What you will do
This exercise calls for the records to be repeated in full, exactly as written.

◇ ◇ ◇ ◇ ◇ ◇ ◇

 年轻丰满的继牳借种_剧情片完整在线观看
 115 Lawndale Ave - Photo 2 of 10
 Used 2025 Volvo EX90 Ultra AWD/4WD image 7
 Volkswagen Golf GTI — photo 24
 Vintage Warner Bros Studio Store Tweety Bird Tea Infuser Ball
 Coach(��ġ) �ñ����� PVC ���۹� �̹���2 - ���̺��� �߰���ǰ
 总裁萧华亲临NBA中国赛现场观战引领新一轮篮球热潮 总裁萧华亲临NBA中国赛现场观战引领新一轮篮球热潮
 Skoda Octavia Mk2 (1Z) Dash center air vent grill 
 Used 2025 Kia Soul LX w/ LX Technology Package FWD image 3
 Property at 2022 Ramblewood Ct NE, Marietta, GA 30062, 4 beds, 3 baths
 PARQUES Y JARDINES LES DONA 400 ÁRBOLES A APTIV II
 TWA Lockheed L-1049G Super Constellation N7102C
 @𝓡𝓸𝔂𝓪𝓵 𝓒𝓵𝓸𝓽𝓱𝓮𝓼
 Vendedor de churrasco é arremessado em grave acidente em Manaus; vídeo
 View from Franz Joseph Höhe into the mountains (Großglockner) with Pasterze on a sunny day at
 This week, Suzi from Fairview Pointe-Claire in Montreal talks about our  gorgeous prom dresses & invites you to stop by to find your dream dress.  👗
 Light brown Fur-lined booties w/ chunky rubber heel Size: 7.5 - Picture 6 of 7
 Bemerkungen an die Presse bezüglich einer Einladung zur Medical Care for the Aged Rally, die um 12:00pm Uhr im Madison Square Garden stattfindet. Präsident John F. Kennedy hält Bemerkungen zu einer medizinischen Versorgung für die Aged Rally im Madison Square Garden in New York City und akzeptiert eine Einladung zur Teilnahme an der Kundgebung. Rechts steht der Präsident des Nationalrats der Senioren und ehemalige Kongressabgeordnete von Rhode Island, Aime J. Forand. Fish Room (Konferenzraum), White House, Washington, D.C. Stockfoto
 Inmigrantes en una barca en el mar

◇ ◇ ◇ ◇ ◇ ◇ ◇

Solution to this problem
 年轻丰满的继牳借种_剧情片完整在线观看
 115 Lawndale Ave - Photo 2 of 10
 Used 2025 Volvo EX90 Ultra AWD/4WD image 7
 Volkswagen Golf GTI — photo 24
 Vintage Warner Bros Studio Store Tweety Bird Tea Infuser Ball
 Coach(��ġ) �ñ����� PVC ���۹� �̹���2 - ���̺��� �߰���ǰ
 总裁萧华亲临NBA中国赛现场观战引领新一轮篮球热潮 总裁萧华亲临NBA中国赛现场观战引领新一轮篮球热潮
 Skoda Octavia Mk2 (1Z) Dash center air vent grill 
 Used 2025 Kia Soul LX w/ LX Technology Package FWD image 3
 Property at 2022 Ramblewood Ct NE, Marietta, GA 30062, 4 beds, 3 baths
 PARQUES Y JARDINES LES DONA 400 ÁRBOLES A APTIV II
 TWA Lockheed L-1049G Super Constellation N7102C
 @𝓡𝓸𝔂𝓪𝓵 𝓒𝓵𝓸𝓽𝓱𝓮𝓼
 Vendedor de churrasco é arremessado em grave acidente em Manaus; vídeo
 View from Franz Joseph Höhe into the mountains (Großglockner) with Pasterze on a sunny day at
 This week, Suzi from Fairview Pointe-Claire in Montreal talks about our  gorgeous prom dresses & invites you to stop by to find your dream dress.  👗
 Light brown Fur-lined booties w/ chunky rubber heel Size: 7.5 - Picture 6 of 7
 Bemerkungen an die Presse bezüglich einer Einladung zur Medical Care for the Aged Rally, die um 12:00pm Uhr im Madison Square Garden stattfindet. Präsident John F. Kennedy hält Bemerkungen zu einer medizinischen Versorgung für die Aged Rally im Madison Square Garden in New York City und akzeptiert eine Einladung zur Teilnahme an der Kundgebung. Rechts steht der Präsident des Nationalrats der Senioren und ehemalige Kongressabgeordnete von Rhode Island, Aime J. Forand. Fish Room (Konferenzraum), White House, Washington, D.C. Stockfoto
 Inmigrantes en una barca en el mar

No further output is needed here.